Small Wind Energy Systems.
[Added 5-26-2009 ATM, Art. 31]
(1) 
Purpose: To provide for the construction and use of small wind energy systems (SWES) as an alternative energy source to reduce or eliminate the on-site consumption of utility-supplied electricity.
(2) 
Applicability: This section applies to small wind energy systems no greater than 60 kilowatts of rated nameplate capacity constructed as accessory use to the primary use of a property and intended to utilize energy from the wind to provide power to the primary use or a use accessory thereto.
(3) 
Permitted Use: SWES shall be permitted for the applications stated above, provided that they meet the following requirements:
(a) 
Freestanding SWES Height: 120 feet maximum.
(b) 
Rooftop SWES Height: 120 feet maximum, including the height of the structure to which it is attached.
(c) 
Setback: Each wind energy system and its associated equipment shall comply with the building setback provisions of the zoning district in which the facility is located. In addition, to ensure public safety and to protect the interests of neighboring property owners, a wind turbine shall not be erected nearer to any property line than a distance equal to the height of the wind turbine plus an additional ten feet.
(d) 
Noise: SWES shall conform to the provisions of the Department of Environmental Protection's Division of Air Quality Noise Regulations (310 CMR 7.10) A source of sound will be considered to be in violation of the Department's noise regulation if the source:
01) 
Increases the broadband sound level by more than 10 dB(A) above ambient, or
02) 
Produces a "pure tone" condition – when any octave band center frequency sound pressure level exceeds the two adjacent center frequency sound pressure levels by 3 decibels or more.

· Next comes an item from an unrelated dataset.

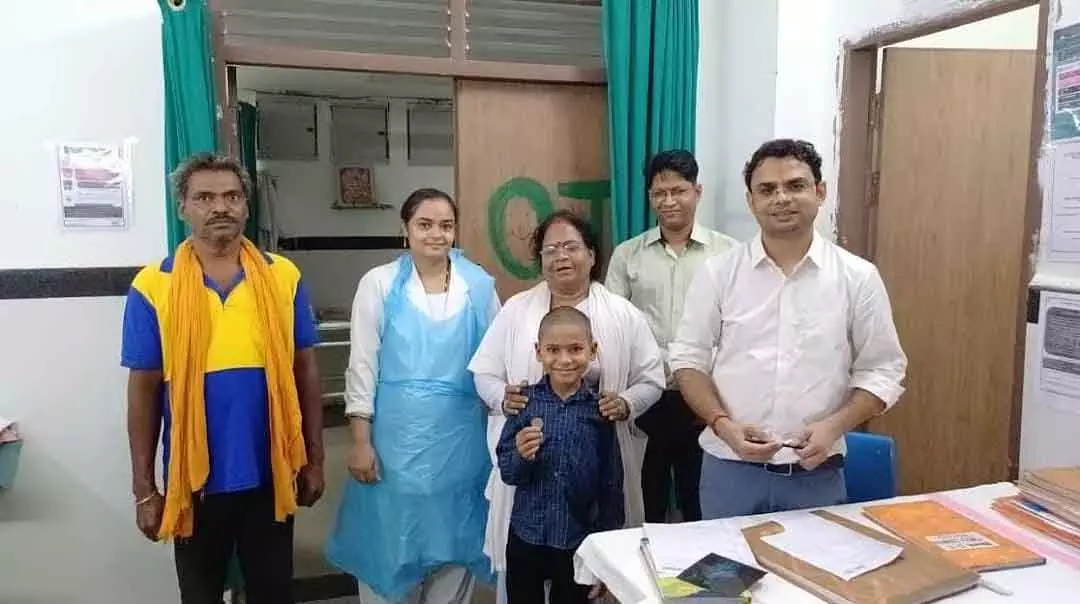 Chhatarpur: 10 साल के बच्चे ने निगला सिक्का, डॉक्टर ने 2 मिनट में बचाया Chhatarpur: 10 साल के बच्चे ने निगला सिक्का, डॉक्टर ने 2 मिनट में बचाया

These criteria are measured both at the property line and at the nearest off site inhabited residence. Ambient is defined as the background A-weighted sound level that is exceeded 90% of the time.
(e) 
Land Clearing, Soil Erosion and Habitat Impacts: Clearing of natural vegetation shall be limited to that which is necessary for the construction, operation and maintenance of the Wind Energy Conversion System and is otherwise prescribed by applicable laws, regulations, and By-Laws.
(f) 
Color and Finish: SWES shall remain painted or finished in the non-reflective, solid, neutral color that was originally applied by the manufacturer.
(g) 
Lighting and Signage:
01) 
Wind turbines shall be lighted only to the extent required by the Federal Aviation Authority (FAA). Lighting of other parts of the Wind Energy Conversion System, such as appurtenant structures, shall be limited to that required for safety and operational purposes, and shall be reasonably shielded from abutting properties.
02) 
Signs shall be limited to the manufacturer's "nameplate" and signage needed to identify the property, owner and warn of any danger. Otherwise, all signs shall comply with the requirements of the Town of Newbury's Sign Regulations, § 97-8.
(h) 
Shadowing and Flicker: Small Wind Energy Systems shall be sited in a manner that minimizes shadowing or flicker impacts on abutting properties.
(i) 
Tower and Foundation Design: The design of the tower and any supporting foundations shall be certified by a Professional Structural Engineer registered in the Commonwealth of Massachusetts to be in conformance with the Massachusetts State Building Code (780 CMR).
(j) 
Compliance with FAA Regulations: SWES shall comply with all applicable FAA regulations, including any necessary approvals for installations close to airports.
(k) 
Unauthorized Access: SWES and appurtenant structures shall be designed and constructed to prevent unauthorized access to entry and/or climbing.
(l) 
Maintenance: The property owner shall maintain the SWES in good condition. Maintenance shall include, but is not limited to, painting, structural repairs, and integrity of security measures.
(m) 
Abandonment or Decommissioning: Any above ground components of a SWES which has reached the end of its useful life or has been abandoned or is being decommissioned shall be removed and the site on which it is located shall be returned to the same state it was prior to installation of the SWES.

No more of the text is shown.